How to intersect two sorted integer arrays without duplicates?

Question

This is an interview question that I am using as a programming exercise.

Input: Two sorted integer arrays A and B in increasing order and of different sizes N and M, respectively

Output: A sorted integer array C in increasing order that contains elements that appear in both A and B

Contraints: No duplicates are allowed in C

Example: For input A = {3,6,8,9} and B = {4,5,6,9,10,11}, the output should be C = {6,9}

Thank you for your answers, all! To summarize, there are two main approaches to this problem:

My original solution was to keep two pointers, one for each array, and scanning the arrays from left to right interchangeably, while picking out elements that match. So when we the current element of one array is larger than the second array, we keep incrementing the pointer of the second array until we either find the current first array element or overpass it (find one larger).
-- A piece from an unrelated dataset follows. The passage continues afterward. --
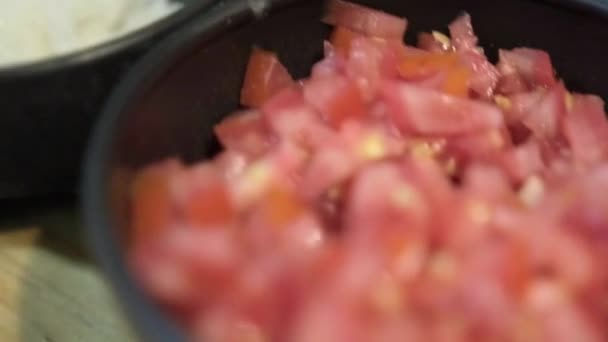 Hackade tomater, lök och chilipaprika separerade i tre svarta skålar — Stockvideo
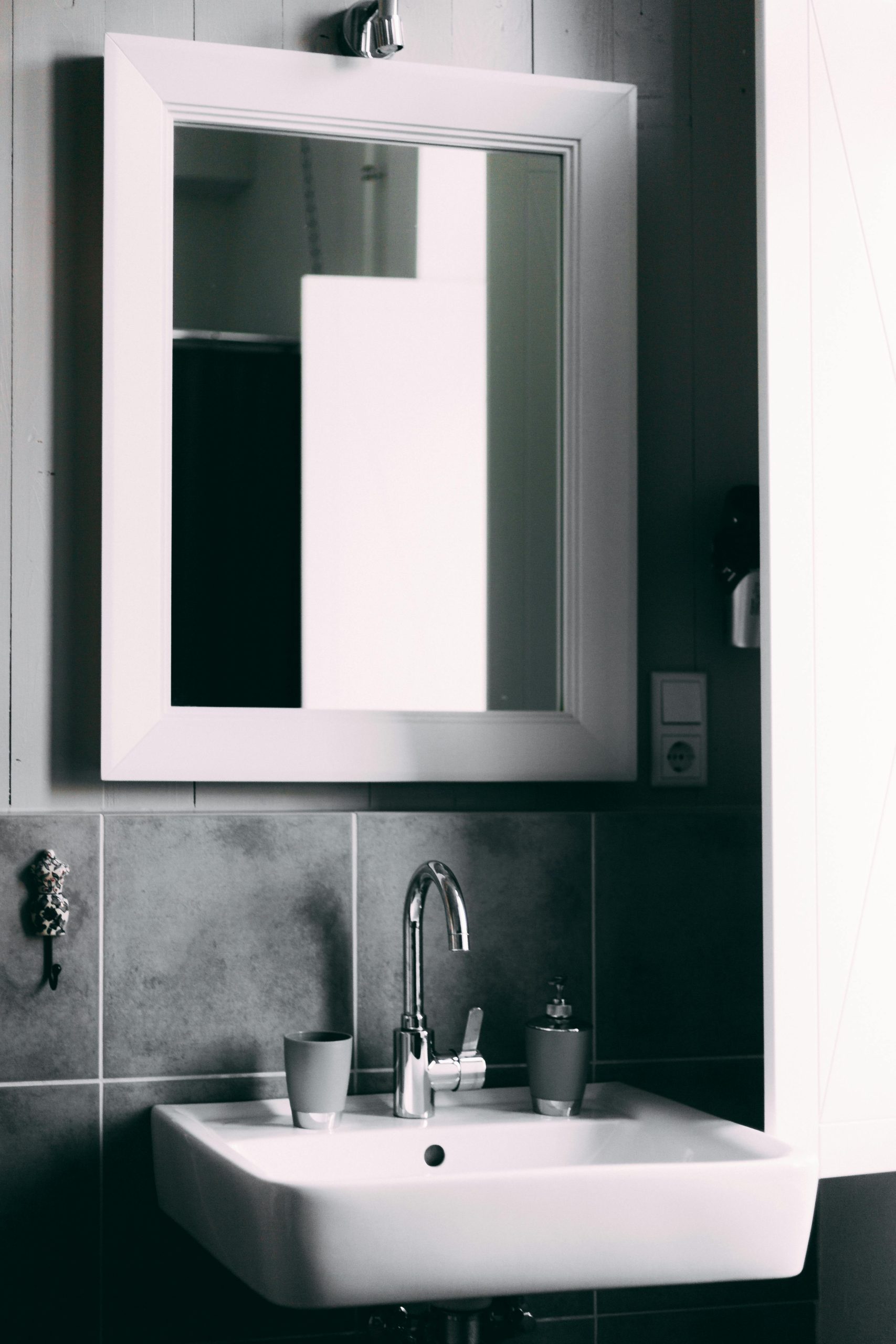 Modern minimalist bathroom featuring white ceramic sink, chrome faucet, framed mirror, and gray tiled backsplash with wooden accent wall.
I keep all matched in a separate array, which is returned once we reach the end of either one of the input arrays.

Another way that we could do this is to scan one of the arrays linearly, while using binary search to find a match in the second array. This would mean O(N*log(M)) time, if we scan A and for each of its N elements binary search on B (O(log(M)) time).

I've implemented both approaches and ran an experiment to see how the two compare (details on this can be found here). The Binary Search method seems to win when M is roughly 70 times larger than N, when N has 1 million elements.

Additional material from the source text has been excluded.